KCCCC Day 11: the campaign, measured in tweets

13 Comments

  1. Brammer says:

    “Throw a whole province under the bus”. Exactly what Harper has done with Ontario. In fact, he is delighted to do so.

  2. Liam Young says:

    On the pension plan, it’s a VERY significant power play.

    It’s about financial independence for the province of Ontario, which the federal Cons are not fans of. The more we collect here (Ontario) for Ontarians, the less dependent we are on decisions from Parliament Hill and the CPP. It’s essentially what Alberta’s fund was all about (until the Cons destroyed it). An Ontario-funded pension could potentially have a mandate of considering Ontario ventures and companies first before looking outside the border, balanced with a mandate of maximizing ROI.

    In the past, the CPP has been significantly over-weighted in resource stocks, including oil, mining and other related industries, benefiting resource dependent provinces (eg. Alberta). A forward-looking Ontario can instead invest in renewable projects, technology companies and other ‘local’ businesses that benefit the people of Ontario.

    Even though I personally find the attacks embarrassing for Stephen Harper, the federal Cons have made it an election issue because (a) they can easily describe it as a tax, (b) it distracts from their complete failure to manage the economy as they pretend they do and (c) they are attacking Liberals in the process. People tend not to differentiate between provincial and federal politics, so it’s an easy win for the Cons.

    • Joe says:

      Liam you are delusional. This has nothing to do with the Conservatives trying to ‘enslave’ Ontario. Ontario has the constitutional right to impose any tax or ‘pension plan’ it so chooses. What it doesn’t have the right to do is to get other provinces to pay for the administration of said tax or ‘pension plan’. BTW the Alberta Heritage fund was a boondoggle from the get go. It is not now nor never was any kind of pension fund nor was it intended to enhance Alberta’s independence. It was a meant to be a political slush fund that could be used to buy political favours. What’s more it worked.

    • Mark says:

      The CPP isn’t mandated to help companies in one province vs another, or even Canadian companies vs. foreign ones.

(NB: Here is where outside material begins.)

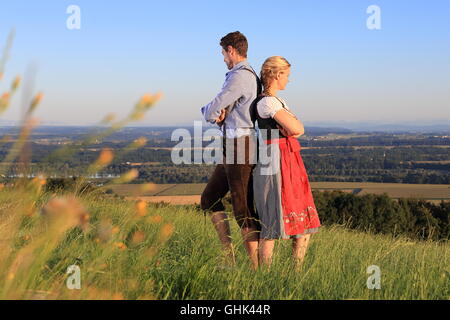 Ein deutsches Paar in bayerischer Tracht Rücken an Rücken auf dem Rasen Stockfoto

      The CPP has this mandate:
      “Our mandate is set out in legislation. It states that:
      • We invest in the best interests of CPP contributors and beneficiaries.
      • We have a singular objective: to maximize long-term investment returns without undue risk, taking into account the factors that may affect the funding of the Canada Pension Plan and its ability to meet its financial obligations.
      • We provide cash management services to the Canada Pension Plan so that they can pay benefits.”

      If an Ontario Pension Plan is to be successful at all, it must have a similar mandate. If it has anything other than the interests of all its beneficiaries as part of its mandate, then it will in fact become what it’s detractors claim – a roundabout way of collecting money to fund targeted Ontario pet projects.

      Now regarding Wynne’s mandate and Harper’s mandate… I guess they’re reading very different polls about the popularity of an Ontario PP? Maybe the new pension plan has lower popularity in the specific Ontario ridings targeted by the CPC, and they don’t give a damn about the rest?

  3. doconnor says:

    “Linda McQuaig’s nutty suggestion that we leave all that oil in the ground”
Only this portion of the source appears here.